Un dixième de nanomètre
Voilà pour la théorie. En pratique, c'est plus difficile. D'abord, pour que l'onde soit déviée dans les microstructures, il faut que celles-ci soient dix fois plus petites que la longueur d'onde de la lumière. Les détails doivent être de l'ordre du nanomètre, soit 1.000 fois plus fins qu'un cheveu. Une précision que les techniques de nanofabrication n'ont longtemps pas permis d'atteindre.
Mais l'ingénierie a avancé ces dernières années, se réjouit Sébastien Guenneau : « La start-up allemande Nanoscribe développe des imprimantes 3D de nouvelle génération avec une résolution proche de l'atome », soit un dixième de nanomètre. Cela permet de dévier l'onde. Mais la difficulté est maintenant « d'imprimer ces détails - d'un milliardième de mètre - sur une grande surface, comme une cape », souligne Kim Pham.
Or si la technologie a mis une vingtaine d'années à passer de la théorie de John Pendry à l'impression nanométrique, elle pourrait mettre beaucoup plus de temps à franchir cette deuxième étape. « L'invisibilité à la Harry Potter, c'est pour le XXIIe ou le XXIIIe siècle », conclut Sébastien Guenneau dans un sourire contrit.
Des projets de start-up
En attendant, cette perspective mobilise des entrepreneurs : certains ont créé des « panneaux d'invisibilité ». Imaginez une grande feuille de polycarbonate transparent, de 1,50 mètre de haut. Placée devant un paysage, elle permet de le voir en transparence. Mais, si une personne passe derrière le panneau, elle devient invisible : vous verrez toujours le paysage mais pas le corps de la personne. Cela s'explique par une ingénieuse disposition de lentilles, dont les angles de réfraction permettent à la lumière du paysage d'être étalée sur le panneau.

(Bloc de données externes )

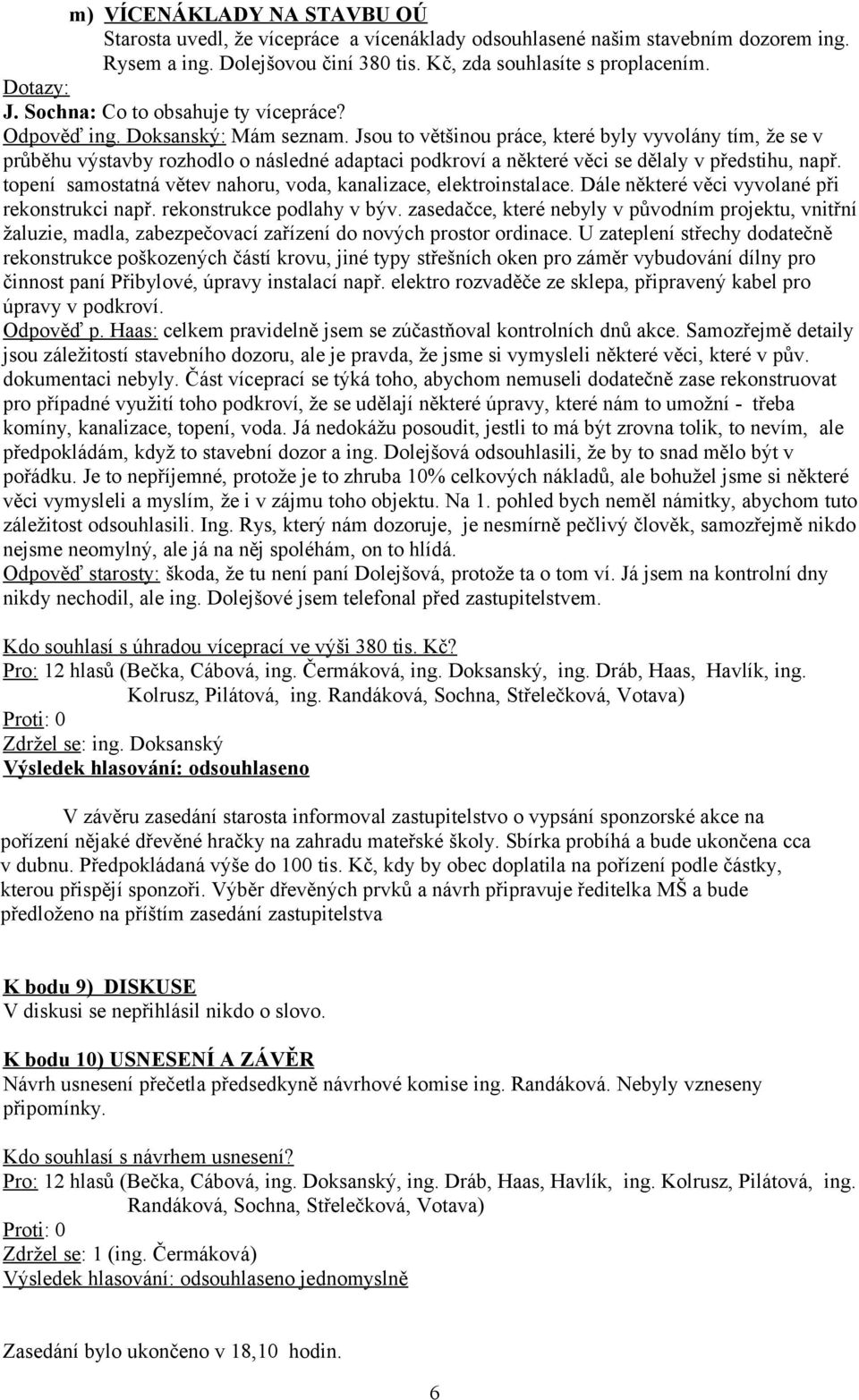Jsou to většinou práce, které byly vyvolány tím, že se v průběhu výstavby rozhodlo o následné adaptaci podkroví a některé věci se dělaly v předstihu, např.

Le tour de passe-passe relève plus de l'illusion d'optique que de l'invisibilité scientifique : l'observateur doit, par exemple, se tenir bien en face du panneau et à une certaine distance pour que la magie fonctionne. Mais c'est impressionnant à voir en vidéo, à tel point que Sébastien Guenneau s'exclame : « C'est un magnifique tour de force. Je vais me commander un panneau d'ailleurs ! »

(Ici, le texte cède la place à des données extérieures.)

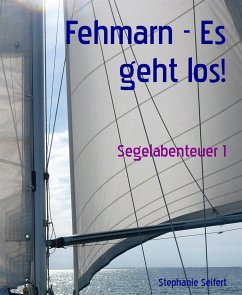 Fehmarn - Es geht los! (eBook, ePUB) - Seifert, Stephanie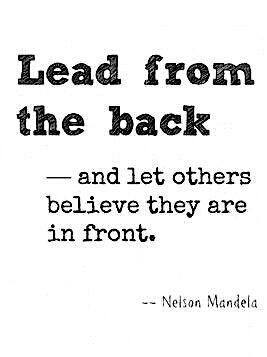 Lead from the Back and let others believe they are in front. Motivation Positive, Life Quotes Love, Nelson Mandela, Leadership Quotes, Intp, Intj, Quotable Quotes, Infp, A Quote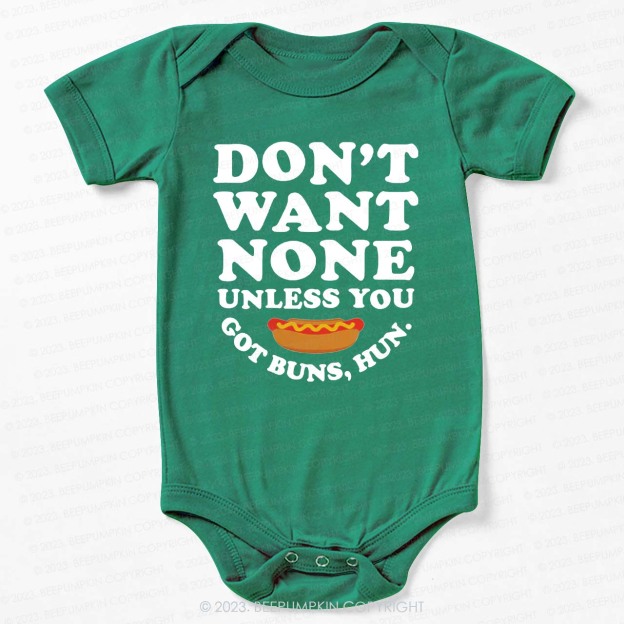 Don't Want None Got Buns Hun Bodysuit For Baby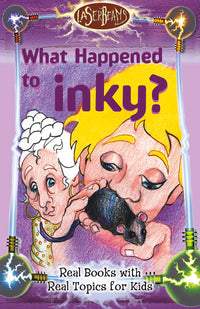 Laser Beams What Happened to Inky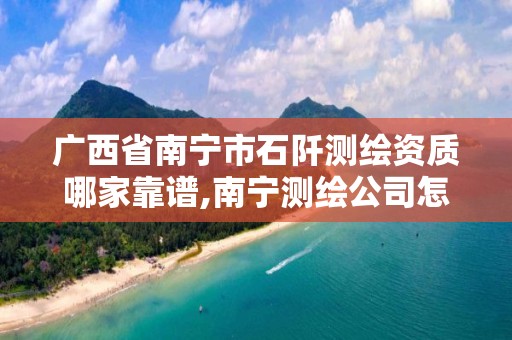 广西省南宁市石阡测绘资质哪家靠谱,南宁测绘公司怎么收费标准 广西省南宁市石阡测绘资质哪家靠谱,南宁测绘公司怎么收费标准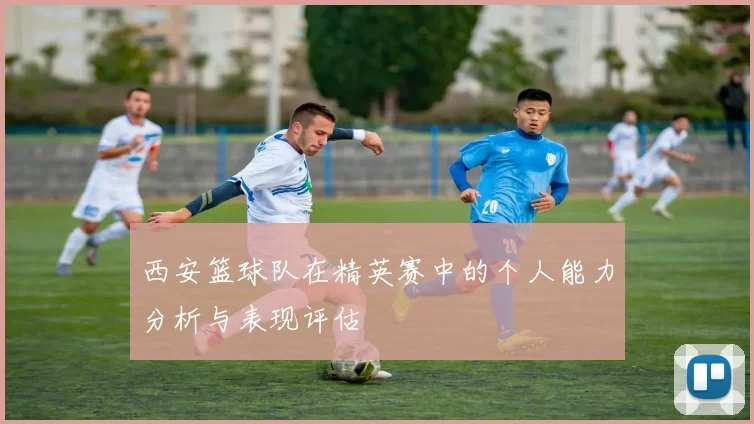 西安篮球队在精英赛中的个人能力分析与表现评估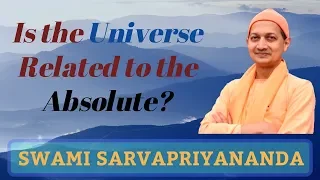 How is the Universe Related to the Absolute? | Swami Sarvapriyananda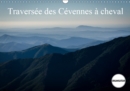 Traversee des Cevennes a cheval 2019 : Apercu des paysages traverses dans les Cevennes lors de la course de Florac. - Book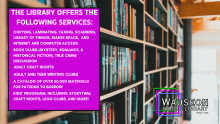 The library offers the following services: copying, laminating, faxing, scanning, library of things, maker space, and internet and computer access. Book clubs (mystery, romance, & historical fiction), true crime discussion adult craft nights adult and teen writing clubs a catalogue of over 50000 materials for patrons to borrow kids' programs, including storytime, craft nights, lego clubs, and more! Wauseon Public Library Since 1905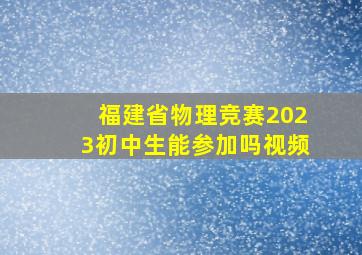 福建省物理竞赛2023初中生能参加吗视频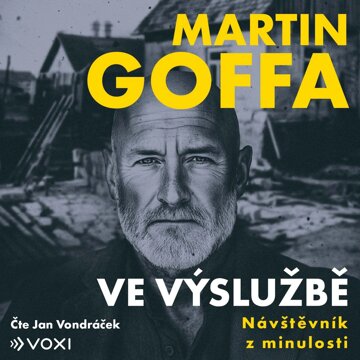 Obálka audioknihy Ve výslužbě: Návštěvník z minulosti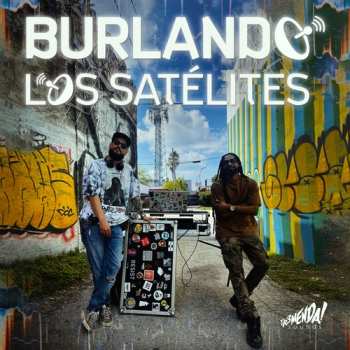 CD Raphox Featuring Escuadron,raudel: Burlando Los Satelites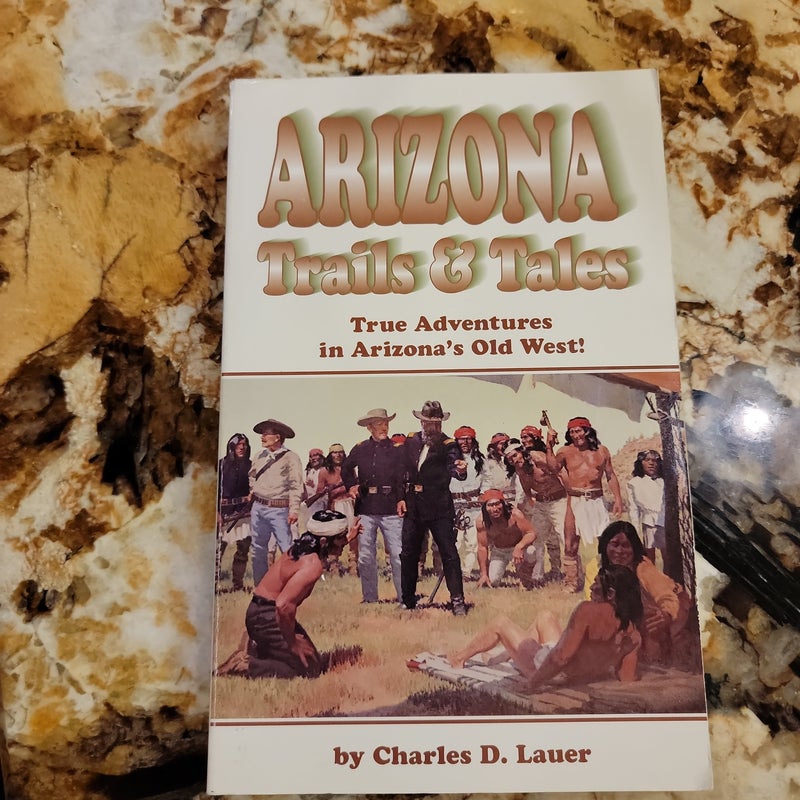 Arizona Trails and Tales: True Tales of Adventure in Arizona's Old West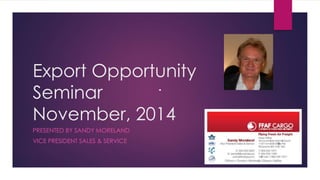 Export Opportunity
Seminar
November, 2014
PRESENTED BY SANDY MORELAND
VICE PRESIDENT SALES & SERVICE
 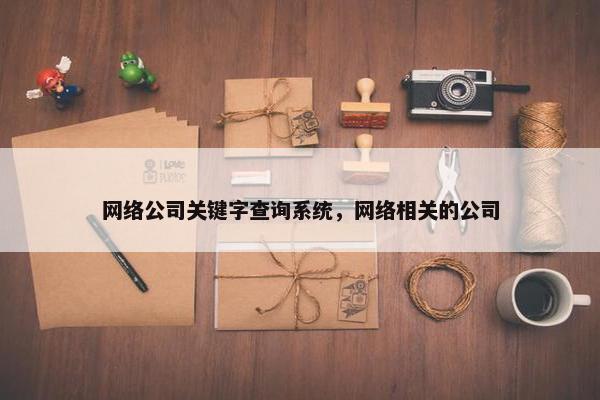 网络公司关键字查询系统，网络相关的公司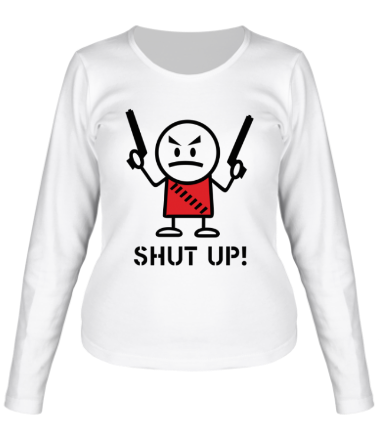 Женская футболка длинный рукав Shut up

Le scientifique n'est pas le seul à être impressionné : la start-up londonienne qui l'a conçu, Invisibility Shield Co., a lancé ce produit en mars et a déjà récolté l'équivalent de 250.000 euros sur une plateforme de crowdfunding.

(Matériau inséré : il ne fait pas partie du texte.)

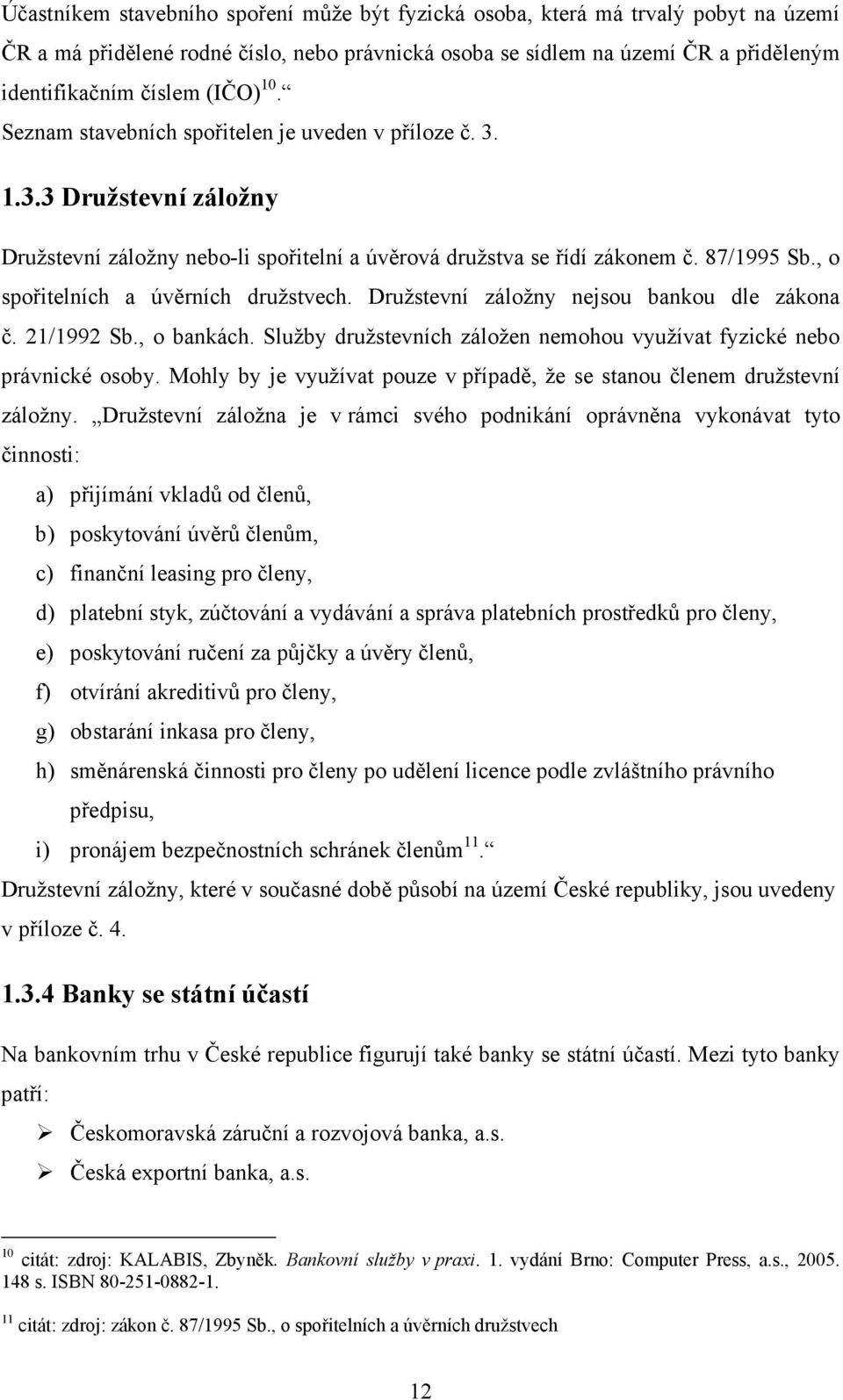 , o spořitelních a úvěrních družstvech. Družstevní záložny nejsou bankou dle zákona č. 21/1992 Sb., o bankách. Služby družstevních záložen nemohou využívat fyzické nebo právnické osoby.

L'invisibilité qui protège
Aujourd'hui, les années de recherches sur l'invisibilité optique ont mené les scientifiques vers d'autres découvertes, bien plus utiles pour la société selon eux. C'est le cas de « l'invisibilité sismique ». Sébastien Guenneau a travaillé dessus à l'Institut Fresnel, à Marseille, avec le directeur de recherches au CNRS et vice-président de l'université d'Aix-Marseille Stefan Enoch, ainsi que le docteur en sismologie Stéphane Brûlé.
Ils se sont rendu compte que la déviation de l'onde optique dans un métamatériau pouvait être agrandie à échelle humaine et appliquée aux ondes sismiques. Un brevet déposé en 2017 « permettrait de protéger des monuments historiques », se réjouit Sébastien Guenneau.
Le procédé consiste à creuser des grands trous dans le sol, autour du monument à protéger, pour y plonger des colonnes en béton. Si les colonnes sont bien agencées, les ondes sismiques contournent le monument. Les expérimentations en grandeur nature doivent commencer prochainement. C'est la première innovation « d'invisibilité » qui aura une importance dans nos quotidiens, prédit le chercheur… en attendant que la cape d'Harry Potter soit une réalité.